- Born: March 18, 1957 Ridgewood, New Jersey, U.S.
- Died: June 3, 2015 (aged 58) Saddle River, New Jersey, U.S.
- Occupation: Radio broadcaster
- Years active: 1991–2015
- Employers: WNYC (1991–2004); Metropolitan Opera (2004–2015);
- Spouse: Jamie Katz
- Children: 3

= Margaret Juntwait =

American radio announcer

Margaret Ann Juntwait (March 18, 1957 – June 3, 2015) was an American radio broadcaster, best known as the announcer of the Metropolitan Opera radio broadcasts. After thirteen years on the air at WNYC-Radio, she debuted as the Met's announcer on December 11, 2004. She was also the Met's first announcer on Sirius XM Satellite Radio from 2006, and remained in both jobs until her death in 2015.

==Early years==
Raised in Ridgewood and Upper Saddle River, New Jersey, Juntwait attended Northern Highlands Regional High School, where she first developed an interest in choral music. Later, she studied to be an opera singer – she was a lyric soprano – and earned a degree in voice from the Manhattan School of Music in 1980. After marrying, she withdrew from an operatic career in favor of raising her three children.

==Broadcasting career==
Juntwait began her career as a classical music radio announcer in 1991 at WNYC-FM radio in New York City.

In 2000, while continuing at WNYC, she began her Metropolitan Opera career as the back-up announcer for radio host Peter Allen, who retired from the Metropolitan Opera radio broadcasts in May 2004. With the 2004–2005 broadcast season, Juntwait took to the air on her own, introducing a performance of Verdi's I Vespri Sicilani. She became only the third regular announcer for the broadcasts, following Milton Cross and Allen.

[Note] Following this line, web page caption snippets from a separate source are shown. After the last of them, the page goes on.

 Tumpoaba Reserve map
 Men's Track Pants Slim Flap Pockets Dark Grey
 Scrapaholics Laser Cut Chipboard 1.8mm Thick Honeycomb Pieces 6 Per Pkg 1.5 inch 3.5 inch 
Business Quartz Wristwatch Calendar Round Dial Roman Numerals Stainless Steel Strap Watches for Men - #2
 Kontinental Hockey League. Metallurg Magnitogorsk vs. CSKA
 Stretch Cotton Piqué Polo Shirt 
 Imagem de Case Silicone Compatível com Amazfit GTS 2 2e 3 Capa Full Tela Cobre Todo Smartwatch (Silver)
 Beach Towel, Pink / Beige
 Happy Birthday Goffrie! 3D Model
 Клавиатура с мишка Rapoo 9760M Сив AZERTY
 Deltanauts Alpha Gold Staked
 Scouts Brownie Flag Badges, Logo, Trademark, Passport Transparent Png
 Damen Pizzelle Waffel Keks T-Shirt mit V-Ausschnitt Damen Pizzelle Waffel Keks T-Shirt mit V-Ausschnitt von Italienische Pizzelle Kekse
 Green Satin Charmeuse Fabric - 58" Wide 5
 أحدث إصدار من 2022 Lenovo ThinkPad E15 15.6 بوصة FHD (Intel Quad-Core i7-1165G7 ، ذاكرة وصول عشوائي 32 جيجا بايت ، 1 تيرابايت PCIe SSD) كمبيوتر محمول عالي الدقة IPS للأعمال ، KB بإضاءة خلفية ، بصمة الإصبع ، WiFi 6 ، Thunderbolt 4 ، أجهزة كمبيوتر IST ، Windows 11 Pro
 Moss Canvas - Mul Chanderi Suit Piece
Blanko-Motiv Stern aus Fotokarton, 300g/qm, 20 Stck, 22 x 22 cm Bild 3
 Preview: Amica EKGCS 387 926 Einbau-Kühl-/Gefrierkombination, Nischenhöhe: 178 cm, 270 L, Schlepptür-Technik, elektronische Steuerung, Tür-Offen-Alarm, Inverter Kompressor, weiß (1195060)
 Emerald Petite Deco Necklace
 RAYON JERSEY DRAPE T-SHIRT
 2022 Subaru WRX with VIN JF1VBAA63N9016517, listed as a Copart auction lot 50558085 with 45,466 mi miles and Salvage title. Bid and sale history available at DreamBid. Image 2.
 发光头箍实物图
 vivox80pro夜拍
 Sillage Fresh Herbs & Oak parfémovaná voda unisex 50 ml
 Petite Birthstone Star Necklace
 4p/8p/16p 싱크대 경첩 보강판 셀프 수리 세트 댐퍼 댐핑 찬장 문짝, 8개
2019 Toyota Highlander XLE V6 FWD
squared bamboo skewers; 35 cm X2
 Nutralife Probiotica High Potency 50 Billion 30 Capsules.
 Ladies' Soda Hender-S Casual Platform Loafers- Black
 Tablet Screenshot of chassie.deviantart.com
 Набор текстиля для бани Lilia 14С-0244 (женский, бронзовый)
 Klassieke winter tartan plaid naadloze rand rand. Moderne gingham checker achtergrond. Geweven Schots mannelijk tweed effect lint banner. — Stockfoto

On September 20, 2006, the Met announced that Juntwait would become a full-time Met employee, having been appointed as announcer of all programs on Sirius Satellite Radio's new Metropolitan Opera Radio channel. On Sirius, Juntwait hosted three or four live broadcasts a week during the opera season, and recorded introductions for hundreds of archive performances aired on the channel.

Juntwait also performed in radio theater plays produced by NPR veteran Joe Bevilacqua, including The Whithering of Willoughby and the Professor. In episode 16, Juntwait essays three roles in a parody of the British show The Prisoner from the 1960s. In episode 17, Juntwait portrays Willoughby's mother, a mermaid and god. The plays aired on "The Comedy-O-Rama Hour", heard on XM Satellite Radio's Sonic Theater Channel.

Juntwait died of ovarian cancer at a hospice facility in Saddle River, New Jersey on June 3, 2015, aged 58. According to a memorial published on the Metropolitan Opera website, Juntwait had been diagnosed with cancer over ten years prior to her death, but continued working with the Metropolitan Opera, missing only one Saturday matinee broadcast before January 2015. Her final live broadcast was on SiriusXM Radio on December 31, 2014. She recorded material for future broadcasts just a few weeks before she died.